I almost forgot to mention the best part: Star Wars Hyperspace Mountain. Let me rephrase for emphasis: upside-down Star Wars Space Mountain. One-of-a-kind in the world, the Parc Disneyland version of Disney’s iconic roller coaster shoots you straight into a battle where you corkscrew-dodge TIE fighters and laser beams. It simply must be experienced to be believed. All other Space Mountains will seem vanilla to me from now on.
Offseason Means Offseason
Park hours are significantly shorter in winter, with most days running from 10am to 6:30pm. Even within those limited hours, a number of attractions close early. We tried to ride Tower of Terror at Walt Disney Studios at 5pm and were turned away. Adding to the negatives: refurbishments. During our visit, Phantom Manor and Crush’s Coaster, two A-list attractions, were closed. Plan around a month or so in advance by checking the refurbishment calendar.

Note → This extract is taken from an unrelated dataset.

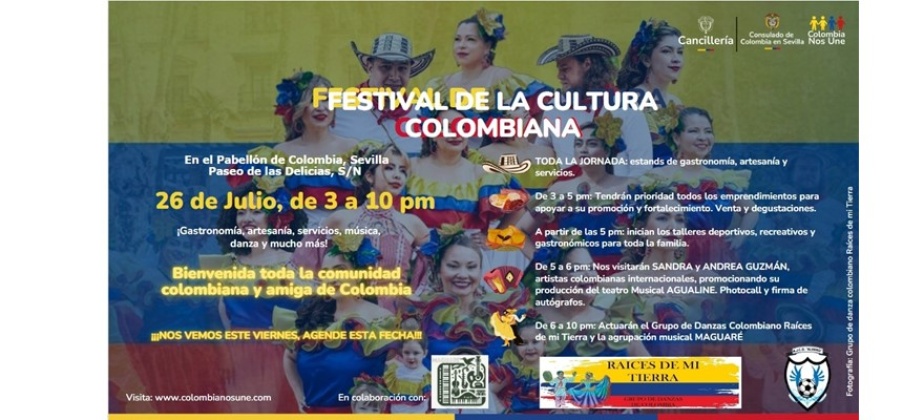 Invitación con la fecha y datos del Festival de la Cultura Colombiana este 26 de julio al Consulado de Sevilla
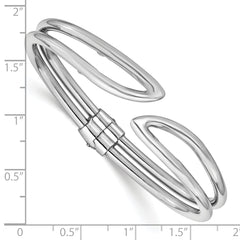 Sterling Silver RH-plated Polished Hinged Bangle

The upside, of course, is that on a snowy January day we could walk onto attractions including Big Thunder Mountain, which operates even in snow. I’m telling you now that riding Big Thunder Mountain in snow was on my bucket list and I didn’t even know it until it happened.
Even a casual Disney fan will enjoy Disneyland Paris, but you shouldn’t expect an exact copy of any other Disney park. The rides are more thrilling, the castle is more colorful and the experience is all-around fantastic … as long as you don’t expect gourmet cuisine or adorably Instagrammable Disney treats.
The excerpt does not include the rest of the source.